Conversely a smoker with a cough and weight loss would not start with abdominal imaging, a chest X-ray (CXR) would be the first test to start with. When there is no suspected diagnosis, initial evaluation includes CXR, age-appropriate cancer screening (such as colonoscopy and mammography) and labs (including CBC, CMP, HbA1C, TSH, stool hemoccult, ESR/CRP, HIV, Hepatitis C). If this initial evaluation fails to identify a cause of weight loss, then the patient is monitored and if progressive weight loss is seen on subsequent visits/weights, then CT abdomen/pelvis is reasonable (MRI if there is a contraindication to CT such as contrast allergy or impaired renal function). Lastly, with a negative CXR, only when initial workup and abdomen/pelvis CT/MR fail to identify the cause for weight loss can chest CT be approved. If CXR suggests a malignancy and/or source of weight loss, then chest CT would be approved.


It is an expectation that all patients receive care/services from a licensed clinician. All appropriate supporting documentation, including recent pertinent office visit notes, laboratory data, and results of any special testing must be provided. If applicable: All prior relevant imaging results and the reason that alternative imaging cannot be performed must be included in the documentation submitted.

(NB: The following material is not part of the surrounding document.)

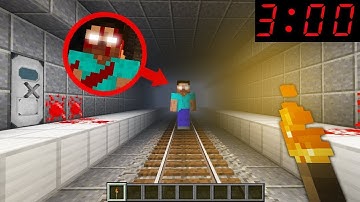 SCARY METRO STATION at 3:00am! in Minecraft : Noob vs Pro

Where a specific clinical indication is not directly addressed in this guideline, medical necessity determination will be made based on widely accepted standard of care criteria. These criteria are supported by evidence-based or peer-reviewed sources such as medical literature, societal guidelines and state/national recommendations.

Note: There is no MRI abdomen/pelvis combo (comparable to a CT abdomen/pelvis) such that if imaging of both the abdomen and pelvis are indicated, two separate exams (and authorization) are required (i.e., MRI abdomen and MRI pelvis) 


Initial pelvic imaging for staging of prostate cancer (if not recently performed for biopsy planning; Abdomen MRI can also be approved for staging if PSMA PET not requested)

  • Unfavorable intermediate risk, high risk and very high-risk disease*
  • Gleason 8, 9 or 10 disease
  • Gleason 4+3=7 disease (primary pattern 4)
  • Gleason 3+4=7 disease AND PSA > 10 or clinical stage ≥ T2b
  • Gleason 3+3=6 disease AND PSA > 20 or clinical stage ≥ T3
  • > 50% cores positive for cancer in a random (non-targeted) biopsy1,2

Pelvis MRI can be approved in combination with PSMA PET (see PET GL) for initial staging if meets above criteria.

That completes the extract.